Manufacturing a Kauai sky
Fiery electrical storms in the earliest hours of darkness introduced February 24, 2011 to islanders. I awoke to dry, prickly night air and the faint smell of burning rusted iron. Lightening crackled and burst in spectacular shapes and colors observed through my bedroom window. Its fury above across the horizon, rumbling rooftops in a blitz, forging power from the east in an epic battle of Gods overhead unrelenting until its forces faded beyond the peaks of Mt. Kawaikini.
By mid morning I had hoped to find clear blue skies or simply natural cloud cover in the aftermath of such a storm. Some luck achieved. Kauai sky is the clearest blue it has been in many long weeks, perhaps months and visibility across valleys has improved greatly.

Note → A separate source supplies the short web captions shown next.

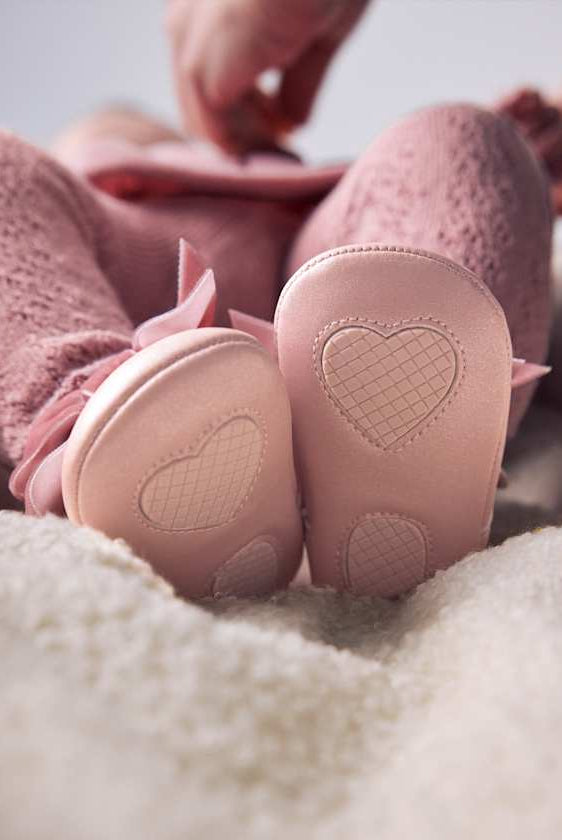 Bottom closeup of crib shoes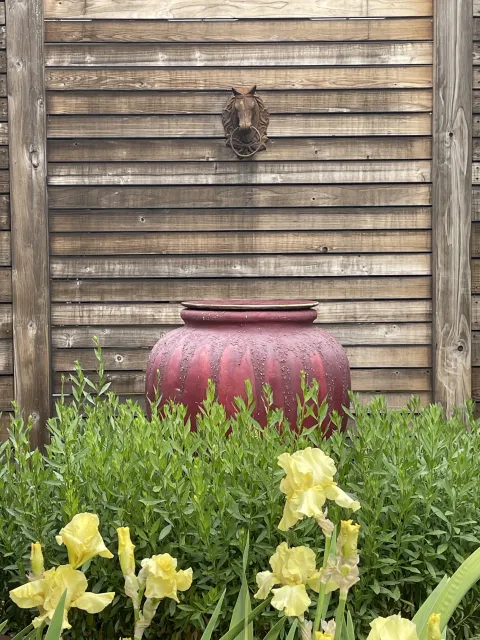 Red urn accents in the garden palette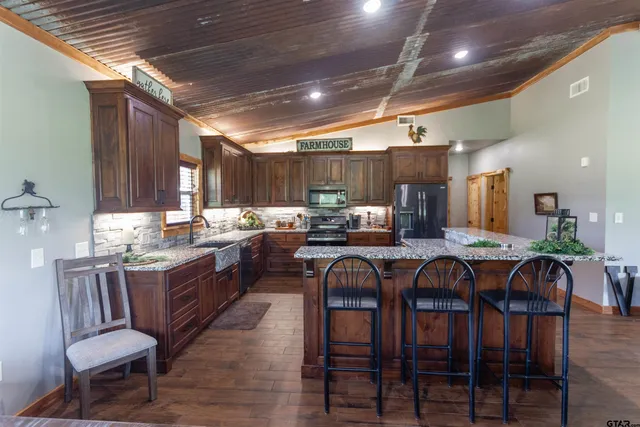 a kitchen with lots of wooden furniture appliances and dining table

Now the bad news: Patterns for chemtrails release on the east side, Kapaa and Lihue are typically like this—trails are sprayed before dawn over the Pacific so that the trade winds/jet stream carry them landward in a fashion that blocks rising sunlight. Blocking the sun is one consistency in what I have been observing since September 2010. I have not witnessed a clear view of the morning sun since then. In eleven years I have not seen anything like it and I pride myself as one who notes the sky on a daily basis, always have since childhood. Some folks are just that way, I suppose. Maybe that's where 'head in clouds' or 'daydreamer' comes from. I am those things for sure-- been accused of worse.
Photo #1: 10:00 sky above Seven Sisters (W/NW from my position in Kapaa) is as blue as has been in months, air clearing as well. A relief, as this is what is expected more often.
Photos #2 - #4: 10:00 "in coming" latent chemtrails from the east (coastline) sprayed across the sky before dawn designed to catch trade winds/ jet stream to move over land while blocking sunlight. Note the contrast between natural cumulus clouds and thin, scattered, high-level, off-colored 'chem-clouds'. Typically, these chemtrails will float, expand, spread over the top of the east side sometimes creating thick clouds, sometimes staying thin and high, always attempting to block the sunlight and filling the air with a fine micro-particulate dust.
Concerning bad air, at some point later I will capture a night time photo of which I remark. Often I'll look out my dining room window onto the street below where the streetlamp captures the micro-particulate dust through its beam—even after heavy rains and wind. That view alone clues me to the quality of our air. Certainly our air contains water vapor, dust, pollutants, volcanic contents, etc. However, something else has been added to the mix and it is coming from above. Some nights are better than others, but I cannot imagine some of it is good to breathe—particularly for young children.
Kauai is well known for its near perfect environment and climate. What is the point of manufacturing a Kauai sky?